Linux 5.16 Aims For Better USB Low-Latency Audio Playback

Written by Michael Larabel in Multimedia on 3 October 2021 at 08:57 AM EDT. 25 Comments
MULTIMEDIA
The Linux kernel is trying again to enhance the low-latency playback mode of its USB audio driver.

Takashi Iwai of SUSE who oversees the Linux kernel's sound subsystem and has been responsible for many of the sound improvements to the kernel drivers over the past number of years has taken a fresh stab at enhancing the low-latency playback support.

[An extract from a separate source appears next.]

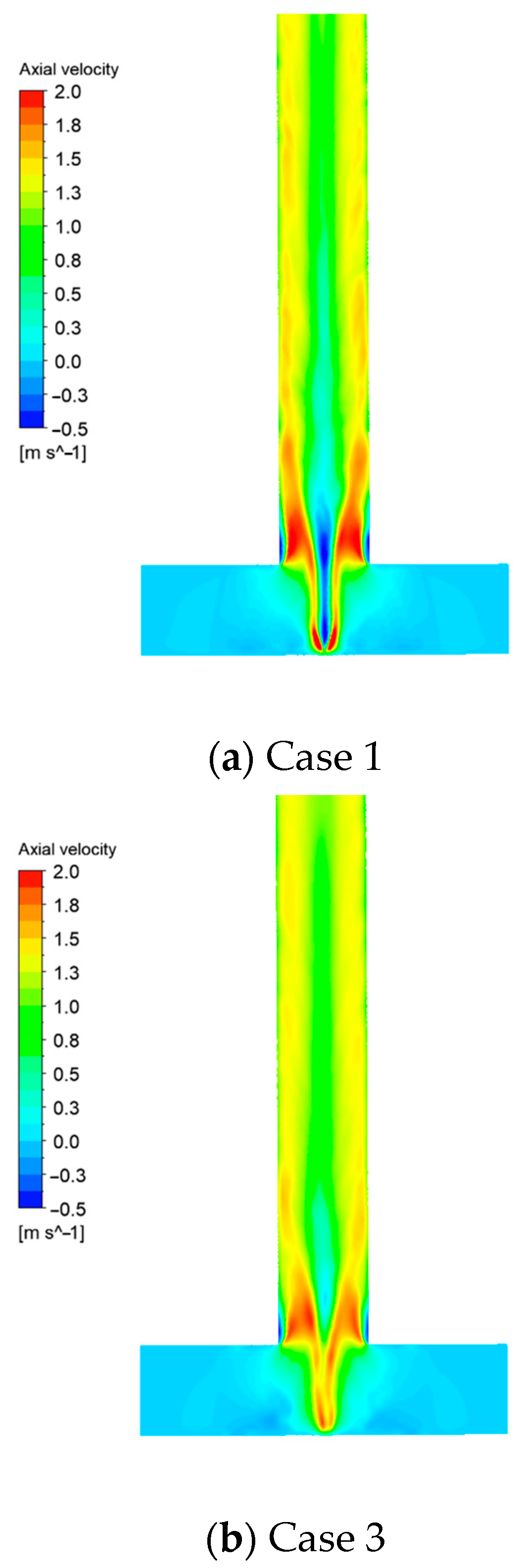Processes 12 00476 g006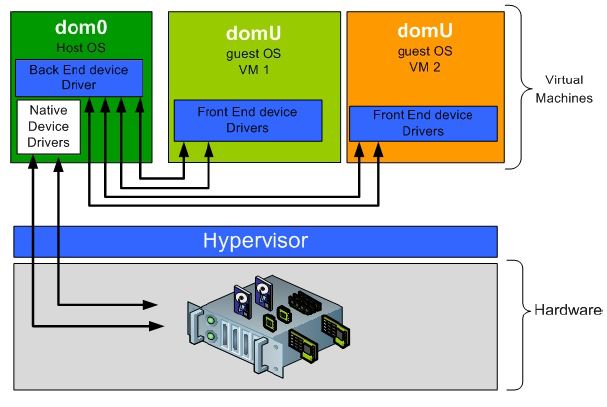 Hypervisor-based virtualization architecture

Takashi explained with one of the patches, "This is another attempt to improve further the handling of playback stream in the low latency mode. The latest workaround in commit 4267c5a8f313 ("ALSA: usb-audio: Work around for XRUN with low latency playback") revealed that submitting URBs forcibly in advance may trigger XRUN easily. In the classical mode, this problem was avoided by practically delaying the submission of the actual data with the pre-submissions of silent data before triggering the stream start. But that is exactly what we want to avoid. Now, in this patch, instead of the previous workaround, we take a similar approach as used in the implicit feedback mode. The URBs are queued at the PCM trigger start like before, but we check whether the buffer has been already filled enough before each submission, and stop queuing if the data overcomes the threshold. The remaining URBs are kept in the ready list, and they will be retrieved in the URB complete callback of other (already queued) URBs. In the complete callback, we try to fill the data and submit as much as possible again. When there is no more available in-flight URBs that may handle the pending data, we'll check in PCM ack callback and submit and process URBs there in addition. In this way, the amount of in-flight URBs may vary dynamically and flexibly depending on the available data without hitting XRUN."

These USB-audio driver patches were queued into the sound subsystem's "-next" branch ahead of the 5.16 merge window opening next month. This low-latency playback code should particularly help JACK use-cases with its small period size. The latest usb-audio driver improvements are in sound for-next.